Far diventare la Pisana "un soggetto in tutto e per tutto pubblico, - ha sottolineato - servirà non solo a mettere in condizione i cittadini di avere un rapporto trasparente con l'Aula, ma servirà anche al Consiglio regionale ad avere una maggiore attenzione al modo in cui lavora". Inoltre, "nei prossimi giorni verrà presentata la nascita del portale 'Open data' della Regione, che permetterà di trasformare tutti i dati in possesso delle regioni in dati a disposizione dei cittadini.

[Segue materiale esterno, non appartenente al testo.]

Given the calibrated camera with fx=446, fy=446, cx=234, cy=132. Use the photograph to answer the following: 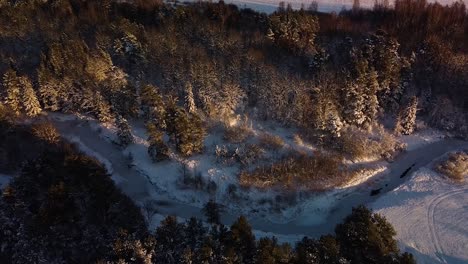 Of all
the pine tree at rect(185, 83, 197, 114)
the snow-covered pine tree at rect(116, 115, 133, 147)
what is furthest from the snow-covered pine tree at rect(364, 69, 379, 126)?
the snow-covered pine tree at rect(116, 115, 133, 147)

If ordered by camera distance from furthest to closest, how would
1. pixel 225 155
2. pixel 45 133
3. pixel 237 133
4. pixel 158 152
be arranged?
pixel 237 133 < pixel 225 155 < pixel 45 133 < pixel 158 152

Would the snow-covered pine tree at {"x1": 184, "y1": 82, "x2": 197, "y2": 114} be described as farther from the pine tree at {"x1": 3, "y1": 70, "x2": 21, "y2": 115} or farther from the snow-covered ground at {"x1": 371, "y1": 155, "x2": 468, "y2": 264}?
the snow-covered ground at {"x1": 371, "y1": 155, "x2": 468, "y2": 264}

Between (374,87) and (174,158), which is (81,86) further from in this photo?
(374,87)

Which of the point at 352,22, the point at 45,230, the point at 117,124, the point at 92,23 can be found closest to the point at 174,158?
the point at 117,124

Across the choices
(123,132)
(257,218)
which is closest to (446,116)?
(257,218)

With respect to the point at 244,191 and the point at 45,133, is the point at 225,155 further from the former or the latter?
the point at 45,133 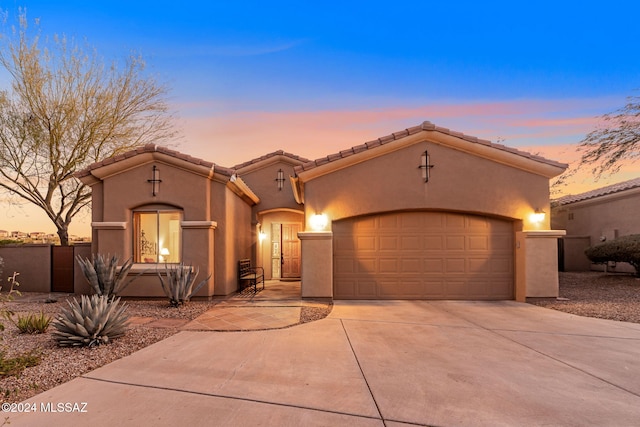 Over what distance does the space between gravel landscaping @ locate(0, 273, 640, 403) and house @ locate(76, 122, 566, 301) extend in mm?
1033

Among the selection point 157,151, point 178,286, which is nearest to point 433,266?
point 178,286

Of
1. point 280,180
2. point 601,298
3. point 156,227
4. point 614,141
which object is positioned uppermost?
point 614,141

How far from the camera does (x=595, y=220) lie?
16.6m

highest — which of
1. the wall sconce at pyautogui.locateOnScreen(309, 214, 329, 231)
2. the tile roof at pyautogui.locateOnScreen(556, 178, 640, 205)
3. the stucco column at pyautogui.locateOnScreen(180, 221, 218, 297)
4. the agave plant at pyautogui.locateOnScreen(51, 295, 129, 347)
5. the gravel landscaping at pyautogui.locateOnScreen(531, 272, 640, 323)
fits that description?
the tile roof at pyautogui.locateOnScreen(556, 178, 640, 205)

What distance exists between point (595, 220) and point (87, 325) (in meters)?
20.4

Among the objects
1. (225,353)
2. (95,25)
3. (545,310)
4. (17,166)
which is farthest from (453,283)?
(17,166)

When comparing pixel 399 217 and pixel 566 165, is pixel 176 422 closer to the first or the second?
pixel 399 217

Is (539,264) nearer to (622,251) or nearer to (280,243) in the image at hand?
(622,251)

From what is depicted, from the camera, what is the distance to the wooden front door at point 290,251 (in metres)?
15.0

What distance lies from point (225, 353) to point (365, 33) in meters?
11.4

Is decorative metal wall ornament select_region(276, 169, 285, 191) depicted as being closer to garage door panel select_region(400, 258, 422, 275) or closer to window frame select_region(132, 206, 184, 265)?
window frame select_region(132, 206, 184, 265)

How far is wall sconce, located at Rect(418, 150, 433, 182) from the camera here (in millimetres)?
9562

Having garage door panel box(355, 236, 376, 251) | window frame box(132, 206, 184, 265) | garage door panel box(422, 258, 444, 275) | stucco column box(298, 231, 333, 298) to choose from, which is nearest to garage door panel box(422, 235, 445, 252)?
garage door panel box(422, 258, 444, 275)

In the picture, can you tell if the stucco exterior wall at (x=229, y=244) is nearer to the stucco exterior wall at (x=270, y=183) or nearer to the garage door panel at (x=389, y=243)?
the stucco exterior wall at (x=270, y=183) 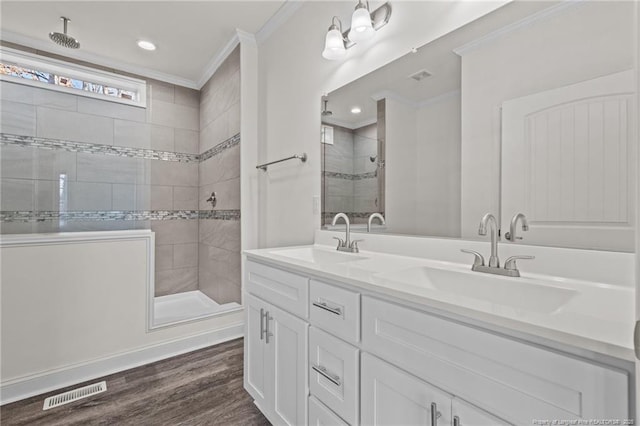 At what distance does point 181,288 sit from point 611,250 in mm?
3514

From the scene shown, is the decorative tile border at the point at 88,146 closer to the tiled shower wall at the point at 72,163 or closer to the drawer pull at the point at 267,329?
the tiled shower wall at the point at 72,163

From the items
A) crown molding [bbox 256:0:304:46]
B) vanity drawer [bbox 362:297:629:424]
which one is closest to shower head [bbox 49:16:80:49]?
crown molding [bbox 256:0:304:46]

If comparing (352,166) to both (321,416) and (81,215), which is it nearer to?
(321,416)

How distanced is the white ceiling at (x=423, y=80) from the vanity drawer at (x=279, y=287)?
98 cm

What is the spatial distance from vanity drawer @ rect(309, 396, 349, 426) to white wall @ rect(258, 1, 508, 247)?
3.59 ft

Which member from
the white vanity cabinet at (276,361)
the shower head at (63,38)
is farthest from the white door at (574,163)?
the shower head at (63,38)

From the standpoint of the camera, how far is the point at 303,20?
82.9 inches

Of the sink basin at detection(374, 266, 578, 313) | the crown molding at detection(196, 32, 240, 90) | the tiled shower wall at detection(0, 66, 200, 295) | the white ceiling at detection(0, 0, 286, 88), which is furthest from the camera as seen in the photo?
the crown molding at detection(196, 32, 240, 90)

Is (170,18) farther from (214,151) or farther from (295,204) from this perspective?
(295,204)

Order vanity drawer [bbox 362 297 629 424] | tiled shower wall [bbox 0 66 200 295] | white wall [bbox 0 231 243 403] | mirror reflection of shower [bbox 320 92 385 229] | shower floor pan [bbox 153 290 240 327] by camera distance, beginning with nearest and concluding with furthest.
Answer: vanity drawer [bbox 362 297 629 424]
mirror reflection of shower [bbox 320 92 385 229]
white wall [bbox 0 231 243 403]
tiled shower wall [bbox 0 66 200 295]
shower floor pan [bbox 153 290 240 327]

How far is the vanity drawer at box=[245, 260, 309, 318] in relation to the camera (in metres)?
1.21

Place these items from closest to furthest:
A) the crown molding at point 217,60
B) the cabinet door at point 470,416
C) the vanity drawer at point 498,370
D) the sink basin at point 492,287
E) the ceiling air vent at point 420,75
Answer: the vanity drawer at point 498,370
the cabinet door at point 470,416
the sink basin at point 492,287
the ceiling air vent at point 420,75
the crown molding at point 217,60

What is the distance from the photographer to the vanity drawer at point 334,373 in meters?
0.97

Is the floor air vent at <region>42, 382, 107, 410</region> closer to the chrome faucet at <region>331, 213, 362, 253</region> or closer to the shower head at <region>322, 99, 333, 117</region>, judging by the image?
the chrome faucet at <region>331, 213, 362, 253</region> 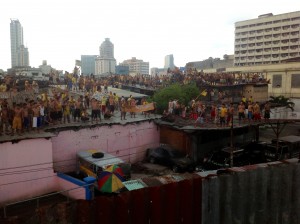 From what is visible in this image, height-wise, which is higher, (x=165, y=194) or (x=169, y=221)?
(x=165, y=194)

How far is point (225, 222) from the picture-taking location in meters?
10.3

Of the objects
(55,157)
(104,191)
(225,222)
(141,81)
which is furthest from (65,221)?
(141,81)

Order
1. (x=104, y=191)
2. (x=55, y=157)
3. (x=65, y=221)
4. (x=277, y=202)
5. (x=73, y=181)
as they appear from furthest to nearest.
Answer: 1. (x=55, y=157)
2. (x=73, y=181)
3. (x=104, y=191)
4. (x=277, y=202)
5. (x=65, y=221)

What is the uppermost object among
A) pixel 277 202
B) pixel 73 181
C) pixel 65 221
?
pixel 65 221

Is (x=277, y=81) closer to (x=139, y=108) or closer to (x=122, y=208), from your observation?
(x=139, y=108)

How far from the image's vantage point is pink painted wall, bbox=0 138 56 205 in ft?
53.4

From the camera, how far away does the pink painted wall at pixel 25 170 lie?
53.4 ft

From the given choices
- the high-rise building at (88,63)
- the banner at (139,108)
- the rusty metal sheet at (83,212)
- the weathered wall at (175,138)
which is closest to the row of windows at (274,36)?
the weathered wall at (175,138)

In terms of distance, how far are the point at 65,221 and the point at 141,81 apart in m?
31.7

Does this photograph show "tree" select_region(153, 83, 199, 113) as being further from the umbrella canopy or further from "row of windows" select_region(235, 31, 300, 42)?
"row of windows" select_region(235, 31, 300, 42)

E' un'operazione gigantesca, più grande di quella del Consiglio. Ci abbiamo messo un anno, ma anche con l'aiuto della Lait, - Lazio Innovazione Tecnologica Spa ndr - stiamo arrivando al dunque".

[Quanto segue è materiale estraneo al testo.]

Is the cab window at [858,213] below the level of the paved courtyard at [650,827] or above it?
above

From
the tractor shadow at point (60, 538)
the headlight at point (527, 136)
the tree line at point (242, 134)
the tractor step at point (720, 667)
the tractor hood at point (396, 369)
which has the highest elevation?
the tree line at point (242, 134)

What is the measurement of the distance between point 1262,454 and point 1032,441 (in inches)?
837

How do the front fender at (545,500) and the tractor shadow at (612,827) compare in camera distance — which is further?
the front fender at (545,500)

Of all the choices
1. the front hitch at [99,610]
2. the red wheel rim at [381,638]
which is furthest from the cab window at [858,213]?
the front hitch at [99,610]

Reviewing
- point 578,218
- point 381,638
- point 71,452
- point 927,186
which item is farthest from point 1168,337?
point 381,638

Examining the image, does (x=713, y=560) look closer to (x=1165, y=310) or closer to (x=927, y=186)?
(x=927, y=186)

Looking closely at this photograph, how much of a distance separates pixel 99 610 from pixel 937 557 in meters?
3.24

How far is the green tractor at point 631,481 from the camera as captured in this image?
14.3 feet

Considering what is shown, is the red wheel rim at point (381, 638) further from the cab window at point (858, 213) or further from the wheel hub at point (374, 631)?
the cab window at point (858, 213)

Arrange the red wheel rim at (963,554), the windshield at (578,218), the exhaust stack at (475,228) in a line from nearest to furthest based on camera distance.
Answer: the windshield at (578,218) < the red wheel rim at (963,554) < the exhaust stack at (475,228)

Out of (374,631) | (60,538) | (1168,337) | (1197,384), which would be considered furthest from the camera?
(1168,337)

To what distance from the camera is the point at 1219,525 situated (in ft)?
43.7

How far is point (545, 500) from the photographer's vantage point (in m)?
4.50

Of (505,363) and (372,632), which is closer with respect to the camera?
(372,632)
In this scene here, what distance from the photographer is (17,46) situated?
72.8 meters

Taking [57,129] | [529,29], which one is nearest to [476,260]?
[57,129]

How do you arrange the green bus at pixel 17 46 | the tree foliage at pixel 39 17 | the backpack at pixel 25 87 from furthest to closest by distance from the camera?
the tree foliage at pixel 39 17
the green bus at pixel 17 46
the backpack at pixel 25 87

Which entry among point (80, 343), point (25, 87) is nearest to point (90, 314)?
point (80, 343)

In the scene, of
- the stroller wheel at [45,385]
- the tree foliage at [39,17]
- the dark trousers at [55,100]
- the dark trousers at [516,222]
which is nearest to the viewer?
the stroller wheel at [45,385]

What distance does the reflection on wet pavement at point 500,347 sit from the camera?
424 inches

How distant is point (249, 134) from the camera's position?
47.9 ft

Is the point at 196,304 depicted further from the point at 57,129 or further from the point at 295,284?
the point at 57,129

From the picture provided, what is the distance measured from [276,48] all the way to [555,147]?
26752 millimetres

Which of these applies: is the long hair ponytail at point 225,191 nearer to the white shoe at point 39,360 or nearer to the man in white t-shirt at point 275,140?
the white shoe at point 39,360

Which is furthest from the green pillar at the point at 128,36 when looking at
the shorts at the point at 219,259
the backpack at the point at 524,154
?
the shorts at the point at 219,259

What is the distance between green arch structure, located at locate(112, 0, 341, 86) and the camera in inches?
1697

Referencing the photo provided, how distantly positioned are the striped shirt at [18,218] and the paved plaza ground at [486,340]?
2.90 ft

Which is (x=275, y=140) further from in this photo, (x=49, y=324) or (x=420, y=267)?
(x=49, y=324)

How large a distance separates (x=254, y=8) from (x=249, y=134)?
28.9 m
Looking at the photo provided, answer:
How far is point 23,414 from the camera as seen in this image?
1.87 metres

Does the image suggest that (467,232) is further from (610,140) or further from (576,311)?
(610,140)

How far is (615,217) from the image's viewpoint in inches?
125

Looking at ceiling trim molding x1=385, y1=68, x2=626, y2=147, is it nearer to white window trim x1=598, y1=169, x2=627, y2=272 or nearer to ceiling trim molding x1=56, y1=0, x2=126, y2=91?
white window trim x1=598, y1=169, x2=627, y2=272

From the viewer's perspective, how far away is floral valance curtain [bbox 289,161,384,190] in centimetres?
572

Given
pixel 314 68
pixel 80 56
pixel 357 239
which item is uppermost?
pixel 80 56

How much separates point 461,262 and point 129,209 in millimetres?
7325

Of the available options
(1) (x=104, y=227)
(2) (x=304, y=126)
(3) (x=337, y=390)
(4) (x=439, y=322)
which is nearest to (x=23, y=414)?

A breve, infine, "dovrebbe essere avviata la discussione su un progetto di legge sulla trasparenza che ho presentato io - ha precisato Petrangolini - e che consente di rendere tutte queste novità definitive e non legate alla volontà politica del presidente Zingaretti. L'obiettivo è approvarla entro l'anno". All'interno della legge, approdata in I Commissione Affari costituzionali e statutari, "c'è l'Open data, l'anagrafe degli eletti, l'accesso generalizzato ai cittadini, che avranno il diritto a chiedere e ottenere tutti i documenti, a meno che non siano secretati e darà loro la possibilità di partecipare attivamente alla discussione delle leggi regionali. E' un disegno di legge che permetterà al Lazio di diventare la regione più trasparente d'Italia. Eravamo la più muta - ha rimarcato Petrangolini - ed ora possiamo arrivare ad avere un'amministrazione che non ha paura dei cittadini e del loro controllo. E' una battaglia durissima - ha concluso - perché c'è una cultura amministrativa che rema contro, ma vale la pena farla. Il mio obiettivo è vincerla".